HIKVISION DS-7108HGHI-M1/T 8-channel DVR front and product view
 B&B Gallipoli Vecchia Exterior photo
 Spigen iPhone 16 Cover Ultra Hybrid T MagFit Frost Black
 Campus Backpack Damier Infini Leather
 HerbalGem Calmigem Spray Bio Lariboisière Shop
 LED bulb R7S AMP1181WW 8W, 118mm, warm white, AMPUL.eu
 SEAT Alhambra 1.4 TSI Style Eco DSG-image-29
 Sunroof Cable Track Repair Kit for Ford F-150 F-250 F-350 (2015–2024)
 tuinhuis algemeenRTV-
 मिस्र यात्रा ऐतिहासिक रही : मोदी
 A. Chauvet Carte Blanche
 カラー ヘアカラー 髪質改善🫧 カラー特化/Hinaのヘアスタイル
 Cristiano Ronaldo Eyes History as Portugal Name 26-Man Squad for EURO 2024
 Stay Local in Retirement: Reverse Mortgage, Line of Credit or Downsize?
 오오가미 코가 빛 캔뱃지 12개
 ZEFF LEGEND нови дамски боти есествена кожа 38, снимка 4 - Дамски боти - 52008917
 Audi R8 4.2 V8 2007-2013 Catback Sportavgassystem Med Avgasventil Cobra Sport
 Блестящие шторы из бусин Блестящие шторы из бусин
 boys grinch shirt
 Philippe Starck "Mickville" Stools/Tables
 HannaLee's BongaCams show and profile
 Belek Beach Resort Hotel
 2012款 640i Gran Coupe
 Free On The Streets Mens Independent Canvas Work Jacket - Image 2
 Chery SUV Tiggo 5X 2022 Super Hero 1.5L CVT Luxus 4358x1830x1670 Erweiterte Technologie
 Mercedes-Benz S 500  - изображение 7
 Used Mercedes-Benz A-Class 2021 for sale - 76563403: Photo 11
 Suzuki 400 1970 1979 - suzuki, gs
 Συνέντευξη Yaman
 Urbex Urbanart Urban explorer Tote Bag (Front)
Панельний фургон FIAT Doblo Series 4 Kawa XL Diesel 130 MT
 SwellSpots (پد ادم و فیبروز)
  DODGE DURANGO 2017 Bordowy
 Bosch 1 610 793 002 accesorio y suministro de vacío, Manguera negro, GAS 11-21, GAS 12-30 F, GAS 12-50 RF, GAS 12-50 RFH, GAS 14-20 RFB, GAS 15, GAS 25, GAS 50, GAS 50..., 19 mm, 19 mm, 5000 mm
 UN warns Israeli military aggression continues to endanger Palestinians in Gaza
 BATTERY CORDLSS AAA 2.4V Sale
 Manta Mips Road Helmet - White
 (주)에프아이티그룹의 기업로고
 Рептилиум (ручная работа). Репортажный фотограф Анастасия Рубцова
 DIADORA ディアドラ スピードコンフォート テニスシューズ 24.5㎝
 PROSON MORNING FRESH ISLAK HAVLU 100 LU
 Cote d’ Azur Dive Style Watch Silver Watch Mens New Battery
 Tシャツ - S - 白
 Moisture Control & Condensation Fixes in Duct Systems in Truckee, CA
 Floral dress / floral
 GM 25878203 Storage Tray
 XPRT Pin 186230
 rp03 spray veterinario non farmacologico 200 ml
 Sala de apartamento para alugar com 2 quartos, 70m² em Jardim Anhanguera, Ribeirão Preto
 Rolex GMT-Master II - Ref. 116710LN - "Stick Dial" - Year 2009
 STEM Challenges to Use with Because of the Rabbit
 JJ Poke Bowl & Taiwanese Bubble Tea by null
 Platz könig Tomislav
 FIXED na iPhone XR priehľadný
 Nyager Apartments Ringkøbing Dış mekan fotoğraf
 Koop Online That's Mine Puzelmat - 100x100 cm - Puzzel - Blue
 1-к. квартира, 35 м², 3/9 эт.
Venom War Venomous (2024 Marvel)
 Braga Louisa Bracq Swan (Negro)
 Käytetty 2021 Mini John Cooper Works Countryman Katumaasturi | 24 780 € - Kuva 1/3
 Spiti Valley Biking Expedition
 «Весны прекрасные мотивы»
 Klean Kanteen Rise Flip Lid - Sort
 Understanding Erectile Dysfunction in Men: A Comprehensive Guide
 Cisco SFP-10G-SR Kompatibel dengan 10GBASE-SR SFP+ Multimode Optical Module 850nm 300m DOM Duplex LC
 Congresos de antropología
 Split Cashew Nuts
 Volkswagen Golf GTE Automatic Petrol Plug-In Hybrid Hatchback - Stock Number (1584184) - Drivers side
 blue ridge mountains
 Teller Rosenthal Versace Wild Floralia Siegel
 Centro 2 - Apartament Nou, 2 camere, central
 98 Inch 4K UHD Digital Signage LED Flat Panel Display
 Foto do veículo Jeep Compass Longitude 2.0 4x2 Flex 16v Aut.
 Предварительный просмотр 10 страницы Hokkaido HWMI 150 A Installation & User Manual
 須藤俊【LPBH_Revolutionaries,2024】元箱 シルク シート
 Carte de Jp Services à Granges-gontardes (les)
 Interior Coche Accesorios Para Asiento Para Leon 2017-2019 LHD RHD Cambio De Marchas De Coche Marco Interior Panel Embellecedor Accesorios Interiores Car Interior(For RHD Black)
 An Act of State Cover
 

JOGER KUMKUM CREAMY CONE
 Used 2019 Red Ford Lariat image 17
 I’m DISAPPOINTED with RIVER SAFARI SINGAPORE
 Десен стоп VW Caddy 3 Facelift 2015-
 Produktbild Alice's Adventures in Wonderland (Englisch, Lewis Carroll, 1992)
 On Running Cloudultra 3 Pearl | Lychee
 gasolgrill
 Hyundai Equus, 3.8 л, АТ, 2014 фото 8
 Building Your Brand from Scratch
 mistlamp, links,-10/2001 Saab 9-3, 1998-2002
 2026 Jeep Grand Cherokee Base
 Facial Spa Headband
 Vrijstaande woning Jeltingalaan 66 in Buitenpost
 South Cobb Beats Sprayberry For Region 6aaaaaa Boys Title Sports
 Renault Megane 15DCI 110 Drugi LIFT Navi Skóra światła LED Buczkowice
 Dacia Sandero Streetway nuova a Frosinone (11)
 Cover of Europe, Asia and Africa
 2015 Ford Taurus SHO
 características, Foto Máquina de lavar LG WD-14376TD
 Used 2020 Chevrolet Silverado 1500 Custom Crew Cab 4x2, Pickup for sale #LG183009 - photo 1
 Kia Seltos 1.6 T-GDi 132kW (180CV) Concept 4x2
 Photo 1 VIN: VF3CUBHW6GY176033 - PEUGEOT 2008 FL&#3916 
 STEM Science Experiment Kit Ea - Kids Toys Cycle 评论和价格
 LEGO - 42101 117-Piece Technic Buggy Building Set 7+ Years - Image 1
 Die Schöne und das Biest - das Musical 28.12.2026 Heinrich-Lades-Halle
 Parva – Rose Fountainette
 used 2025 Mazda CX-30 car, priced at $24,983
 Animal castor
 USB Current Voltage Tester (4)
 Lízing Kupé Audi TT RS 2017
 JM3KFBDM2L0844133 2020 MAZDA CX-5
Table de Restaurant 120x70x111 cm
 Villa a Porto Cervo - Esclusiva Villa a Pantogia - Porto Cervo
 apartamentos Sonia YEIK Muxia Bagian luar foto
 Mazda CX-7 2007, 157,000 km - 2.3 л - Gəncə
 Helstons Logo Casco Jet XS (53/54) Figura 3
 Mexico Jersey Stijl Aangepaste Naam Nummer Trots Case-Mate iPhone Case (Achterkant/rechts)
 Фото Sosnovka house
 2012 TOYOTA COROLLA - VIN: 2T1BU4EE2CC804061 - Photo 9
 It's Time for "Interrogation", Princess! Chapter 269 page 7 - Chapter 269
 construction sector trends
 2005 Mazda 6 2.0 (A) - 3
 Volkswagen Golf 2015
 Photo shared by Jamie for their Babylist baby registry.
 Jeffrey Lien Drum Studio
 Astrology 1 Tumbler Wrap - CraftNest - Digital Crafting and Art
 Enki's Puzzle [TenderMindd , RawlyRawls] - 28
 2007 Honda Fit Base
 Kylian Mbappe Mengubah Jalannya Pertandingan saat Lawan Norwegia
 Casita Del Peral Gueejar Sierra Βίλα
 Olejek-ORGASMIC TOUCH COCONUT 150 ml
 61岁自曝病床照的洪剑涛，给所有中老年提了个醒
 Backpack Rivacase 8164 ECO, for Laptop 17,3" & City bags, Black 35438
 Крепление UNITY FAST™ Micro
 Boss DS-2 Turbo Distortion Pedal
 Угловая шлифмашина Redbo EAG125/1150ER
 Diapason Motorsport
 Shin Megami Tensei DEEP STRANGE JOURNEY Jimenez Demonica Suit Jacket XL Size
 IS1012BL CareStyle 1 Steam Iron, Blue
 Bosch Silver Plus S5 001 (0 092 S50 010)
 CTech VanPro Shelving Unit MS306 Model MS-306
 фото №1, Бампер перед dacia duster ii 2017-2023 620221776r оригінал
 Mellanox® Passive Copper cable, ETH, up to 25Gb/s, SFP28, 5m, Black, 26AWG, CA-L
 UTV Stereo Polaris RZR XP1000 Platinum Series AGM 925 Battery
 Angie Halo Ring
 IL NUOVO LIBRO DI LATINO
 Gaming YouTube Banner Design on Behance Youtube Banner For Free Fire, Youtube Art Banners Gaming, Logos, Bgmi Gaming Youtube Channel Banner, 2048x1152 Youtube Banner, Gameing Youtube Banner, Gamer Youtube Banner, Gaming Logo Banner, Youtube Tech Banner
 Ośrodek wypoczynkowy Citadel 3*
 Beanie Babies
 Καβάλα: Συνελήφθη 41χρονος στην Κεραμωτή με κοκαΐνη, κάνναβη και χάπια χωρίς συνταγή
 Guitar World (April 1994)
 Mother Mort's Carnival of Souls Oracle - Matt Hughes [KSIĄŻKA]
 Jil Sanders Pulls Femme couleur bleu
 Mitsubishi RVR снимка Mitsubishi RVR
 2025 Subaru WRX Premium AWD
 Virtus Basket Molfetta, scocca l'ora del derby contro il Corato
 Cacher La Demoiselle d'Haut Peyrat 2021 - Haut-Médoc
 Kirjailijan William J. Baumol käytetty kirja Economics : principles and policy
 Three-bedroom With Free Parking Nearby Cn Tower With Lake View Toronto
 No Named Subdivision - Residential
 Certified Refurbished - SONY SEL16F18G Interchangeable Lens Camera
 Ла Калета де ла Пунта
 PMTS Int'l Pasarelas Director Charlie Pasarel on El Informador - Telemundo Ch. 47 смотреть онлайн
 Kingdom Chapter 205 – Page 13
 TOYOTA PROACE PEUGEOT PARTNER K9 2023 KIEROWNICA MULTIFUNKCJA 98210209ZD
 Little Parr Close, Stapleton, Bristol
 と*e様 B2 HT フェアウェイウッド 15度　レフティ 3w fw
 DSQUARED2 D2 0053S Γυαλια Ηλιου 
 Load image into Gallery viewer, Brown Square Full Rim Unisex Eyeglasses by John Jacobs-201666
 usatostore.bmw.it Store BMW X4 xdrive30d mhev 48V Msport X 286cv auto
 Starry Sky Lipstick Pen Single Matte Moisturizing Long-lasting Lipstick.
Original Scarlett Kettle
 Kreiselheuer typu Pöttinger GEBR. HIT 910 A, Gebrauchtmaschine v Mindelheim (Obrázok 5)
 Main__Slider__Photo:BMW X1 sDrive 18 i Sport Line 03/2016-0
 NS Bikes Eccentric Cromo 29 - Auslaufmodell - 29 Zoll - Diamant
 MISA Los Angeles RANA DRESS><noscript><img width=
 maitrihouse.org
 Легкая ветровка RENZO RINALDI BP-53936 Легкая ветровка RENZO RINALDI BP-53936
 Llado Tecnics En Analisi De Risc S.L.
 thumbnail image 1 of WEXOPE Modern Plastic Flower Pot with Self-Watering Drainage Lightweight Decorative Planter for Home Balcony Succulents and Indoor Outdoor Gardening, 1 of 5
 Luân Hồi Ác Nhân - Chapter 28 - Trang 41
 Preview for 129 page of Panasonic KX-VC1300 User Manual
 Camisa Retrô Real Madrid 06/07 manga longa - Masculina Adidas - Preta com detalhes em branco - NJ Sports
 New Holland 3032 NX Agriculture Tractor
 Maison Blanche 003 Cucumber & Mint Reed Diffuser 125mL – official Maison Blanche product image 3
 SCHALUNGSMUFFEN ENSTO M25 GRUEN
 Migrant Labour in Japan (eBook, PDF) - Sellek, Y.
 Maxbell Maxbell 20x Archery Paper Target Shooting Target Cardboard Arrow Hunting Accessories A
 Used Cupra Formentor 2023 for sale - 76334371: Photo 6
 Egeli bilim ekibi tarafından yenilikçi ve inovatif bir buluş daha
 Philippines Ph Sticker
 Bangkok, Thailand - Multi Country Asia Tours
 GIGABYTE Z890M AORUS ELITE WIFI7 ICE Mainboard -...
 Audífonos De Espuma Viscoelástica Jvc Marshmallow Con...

* _What the task asks_: All that belongs in your answer is the stretch of entries above from the line with "Free On The" through the line with "DODGE DURANGO 2017 Bordowy", printed exactly.

* _Answer below_:
 Free On The Streets Mens Independent Canvas Work Jacket - Image 2
 Chery SUV Tiggo 5X 2022 Super Hero 1.5L CVT Luxus 4358x1830x1670 Erweiterte Technologie
 Mercedes-Benz S 500  - изображение 7
 Used Mercedes-Benz A-Class 2021 for sale - 76563403: Photo 11
 Suzuki 400 1970 1979 - suzuki, gs
 Συνέντευξη Yaman
 Urbex Urbanart Urban explorer Tote Bag (Front)
Панельний фургон FIAT Doblo Series 4 Kawa XL Diesel 130 MT
 SwellSpots (پد ادم و فیبروز)
  DODGE DURANGO 2017 Bordowy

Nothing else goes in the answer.